* [TASK BRIEF] Only one span is wanted from the lines below: from the one with "Кровать Ортогон смотреть онлайн" up to and including the one with "Women's Pacific Shoes". Copy it exactly, without images.

* [PROVIDED DATA]
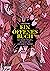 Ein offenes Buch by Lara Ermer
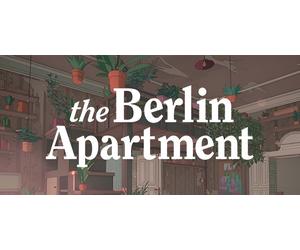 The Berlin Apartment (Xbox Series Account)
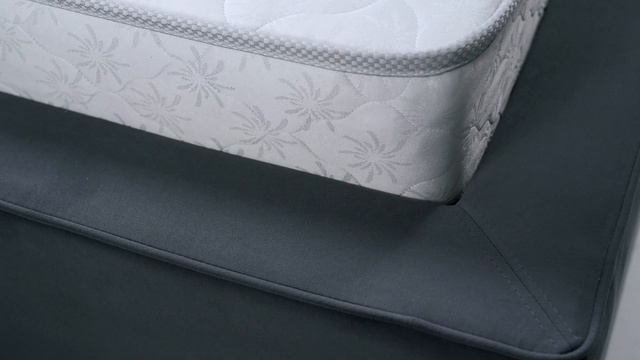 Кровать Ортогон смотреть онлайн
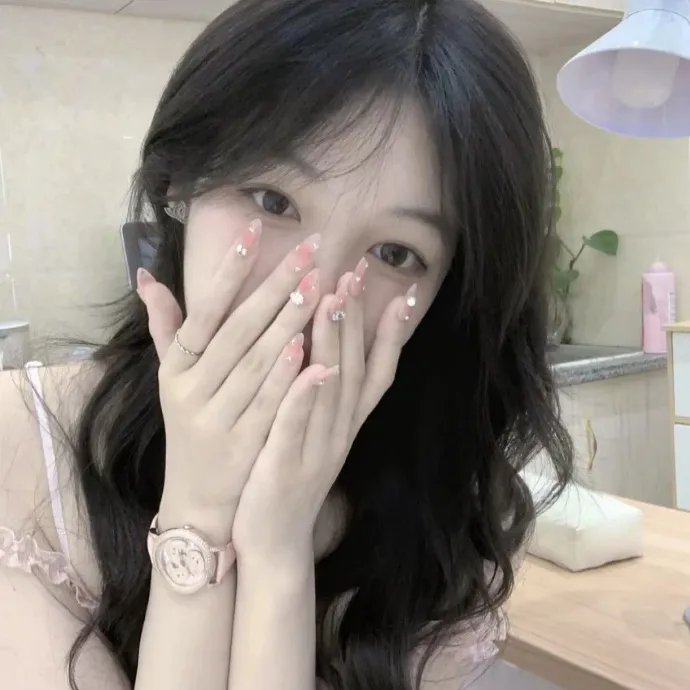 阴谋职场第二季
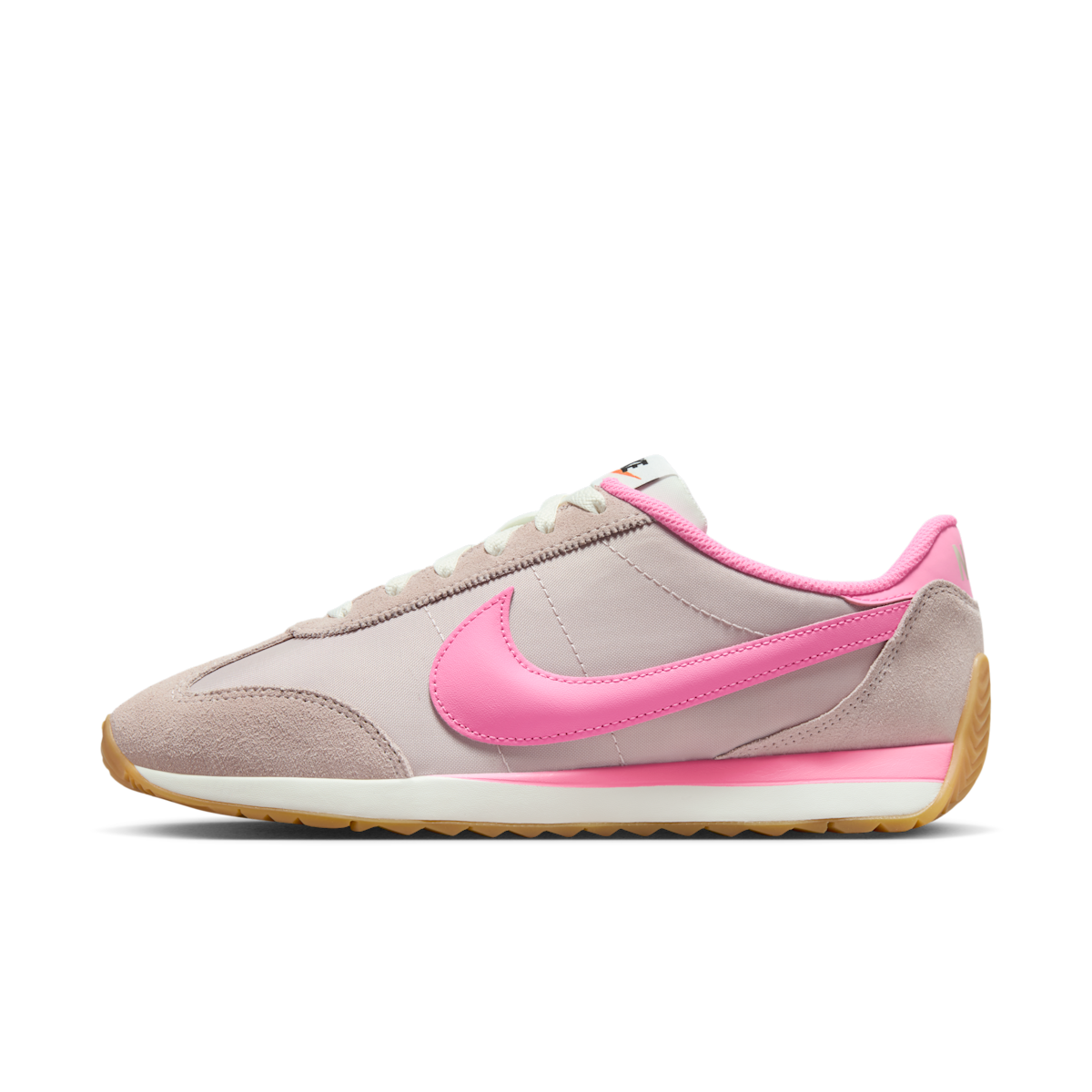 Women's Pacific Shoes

---

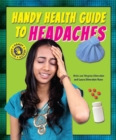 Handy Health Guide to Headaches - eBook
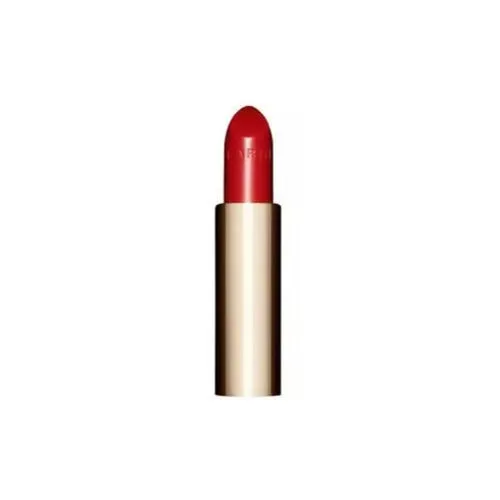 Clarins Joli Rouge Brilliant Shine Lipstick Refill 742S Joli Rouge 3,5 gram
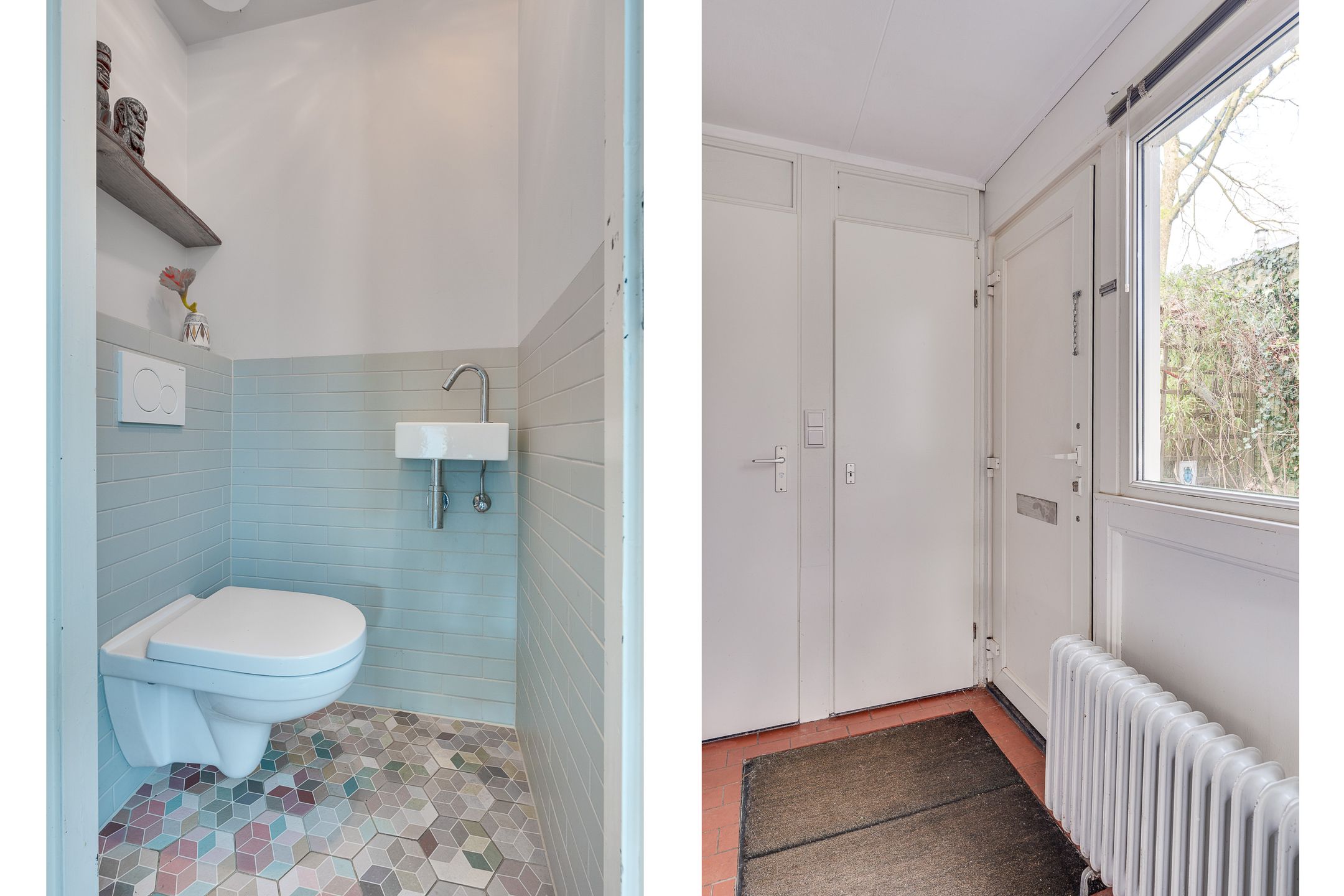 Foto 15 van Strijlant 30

...

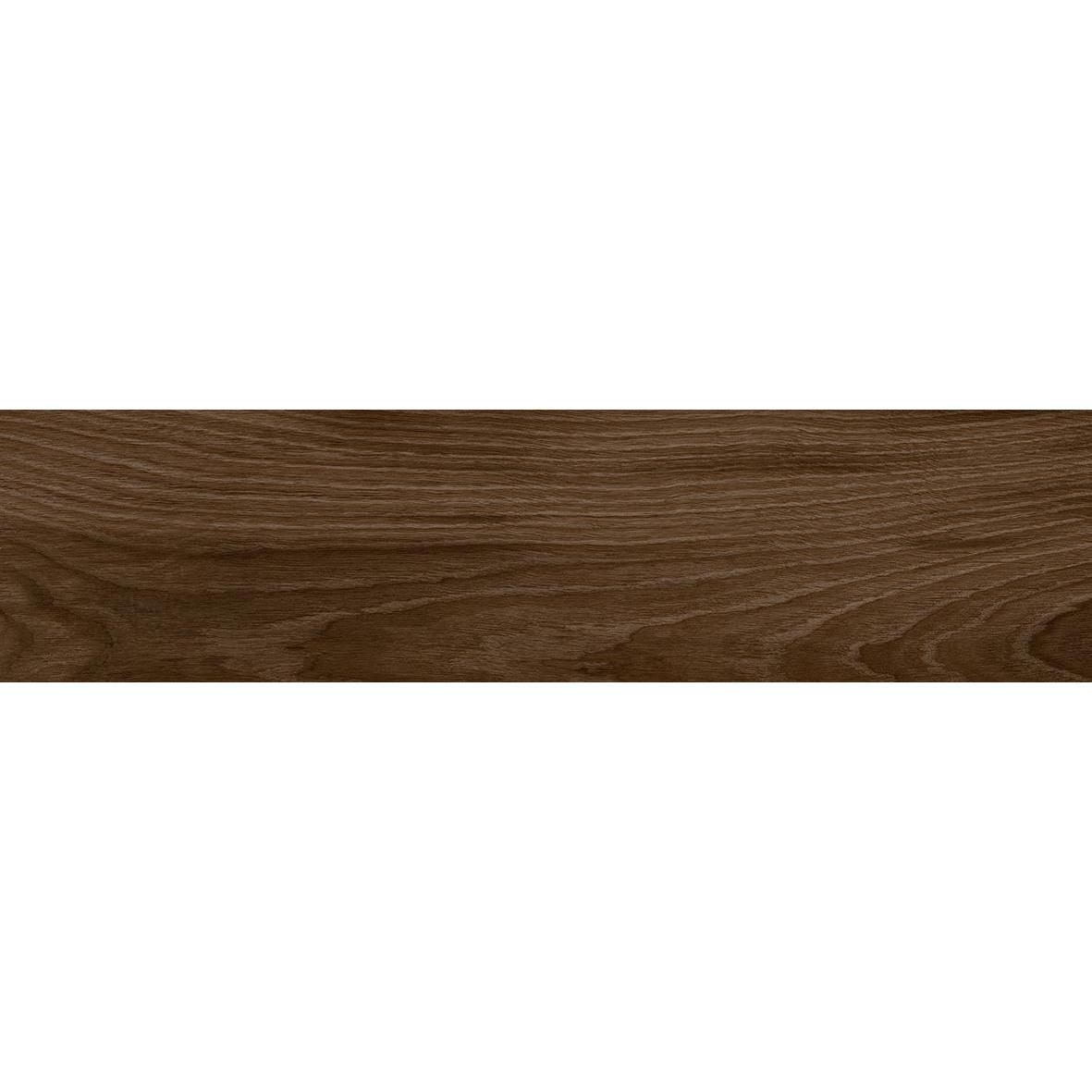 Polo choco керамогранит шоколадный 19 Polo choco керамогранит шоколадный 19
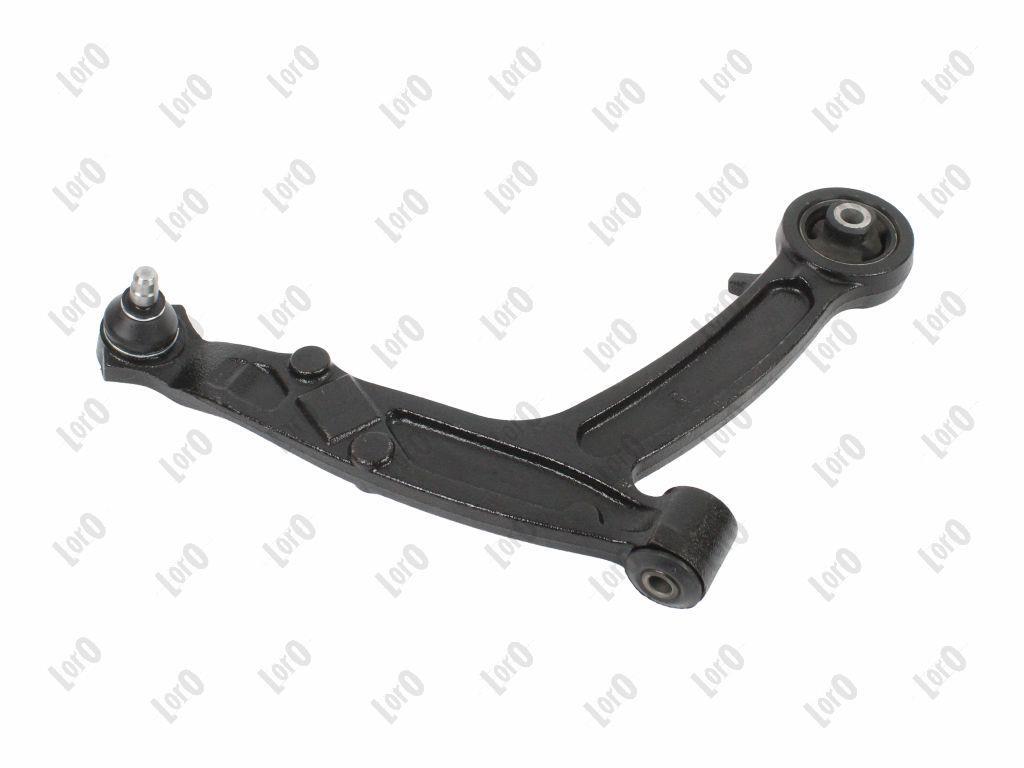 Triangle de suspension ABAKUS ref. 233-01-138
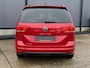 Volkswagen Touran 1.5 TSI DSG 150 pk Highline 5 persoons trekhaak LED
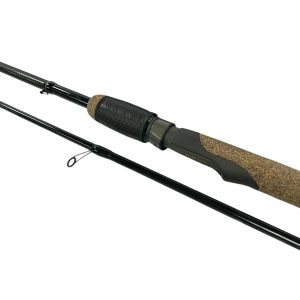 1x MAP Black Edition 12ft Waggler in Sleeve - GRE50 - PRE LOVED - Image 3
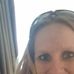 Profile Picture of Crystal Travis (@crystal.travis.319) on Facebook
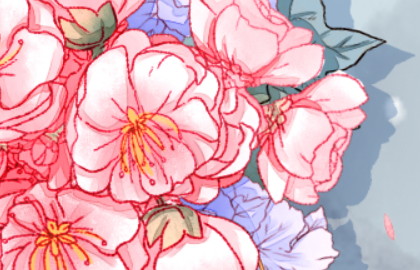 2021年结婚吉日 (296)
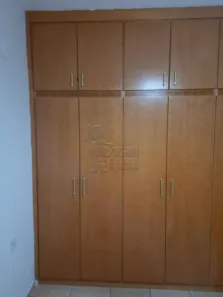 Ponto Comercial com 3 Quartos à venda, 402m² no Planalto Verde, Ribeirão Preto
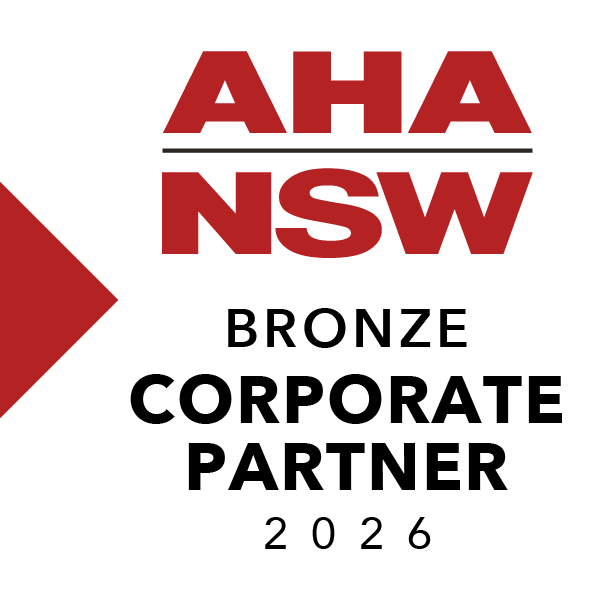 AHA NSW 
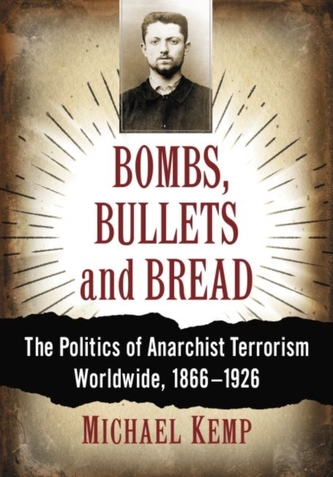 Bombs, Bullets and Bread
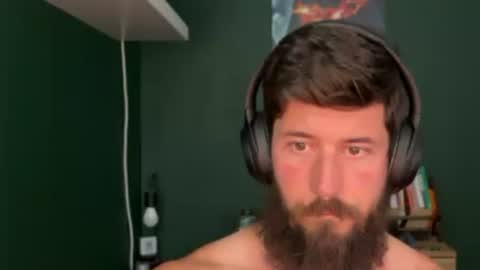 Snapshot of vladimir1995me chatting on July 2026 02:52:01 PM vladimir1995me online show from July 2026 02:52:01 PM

* [RESULT OF THIS EXERCISE]
 Кровать Ортогон смотреть онлайн
 阴谋职场第二季
 Women's Pacific Shoes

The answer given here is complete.